Jerome Greco, a digital forensics supervising attorney with the Legal Aid Society, said the White House putting out this non-binding policy document helps bring government regulation into focus around this technology.

“It means that there’s effort, money and attention being put into this. It also means that other people are going to pay attention to it. Whether or not that will cause a long-lasting impact remains to be seen, but it has the ability to do that. It forces people to acknowledge what is being said there, and either embrace it or have to combat it,” Greco said.

While the AI Bill of Rights outlines AI ethical considerations for much of the civilian federal government, the document stops short of covering federal law enforcement and national security activities.

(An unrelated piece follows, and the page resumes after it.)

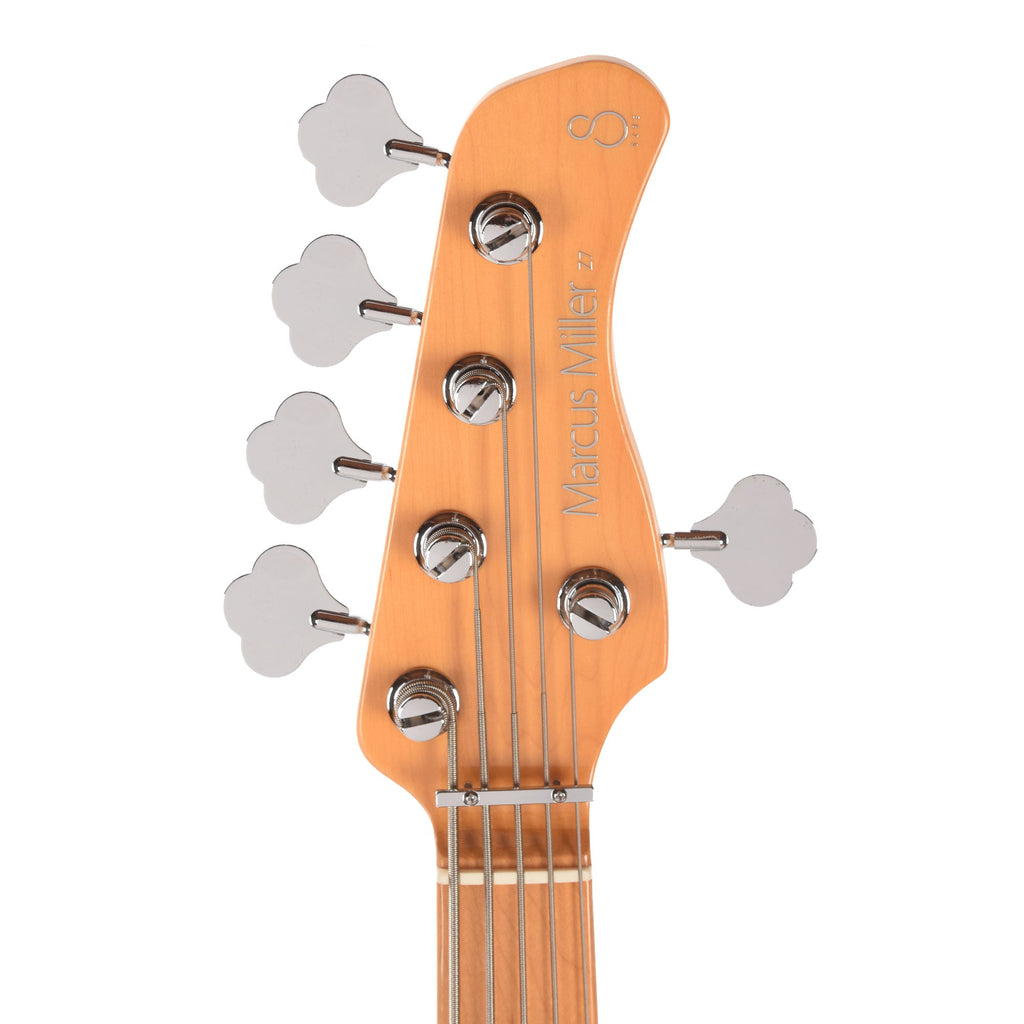 Sire Marcus Miller Z7 5-String Sky Burst Sparkle - View 6 | MusicMarket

“Obviously, in those areas, that’s where a lot of these protections are most necessary,” Yu said.

The intelligence community and Defense Department released their own AI policies last year. However, Greco said there are currently few legal guardrails on how federal law enforcement agencies use facial recognition algorithms as part of their investigations.

“The [AI] Bill of Rights is not binding. This is not legislation. It could lead to that, and I’m hopeful that it does on many fronts, but it currently doesn’t. And our courts are not set up to handle these things,” he said.

“By exempting them, I think it emboldens them, because they’re just so used to having everything be exempted from, to not being held accountable, not to have any sort of transparency. And by making that explicit exemption really just bolstered that,” Greco added.

Friedler said the administration is continuing to meet with companies on developing their own ethical AI principles.

“There are a lot of chances for innovation and making this an industry competitive advantage, to really make AI that people trust, that respects our rights,” Friedler said.

Yu said the blueprint represents “mile one of a long marathon,” and the impetus for the administration to introduce rulemaking and guidance, and for Congress to introduce legislation.

“This document, in the long term, will be judged not by what’s on paper, but all the concrete actions that are going to flow from this document, particularly from the federal agencies,” Yu said.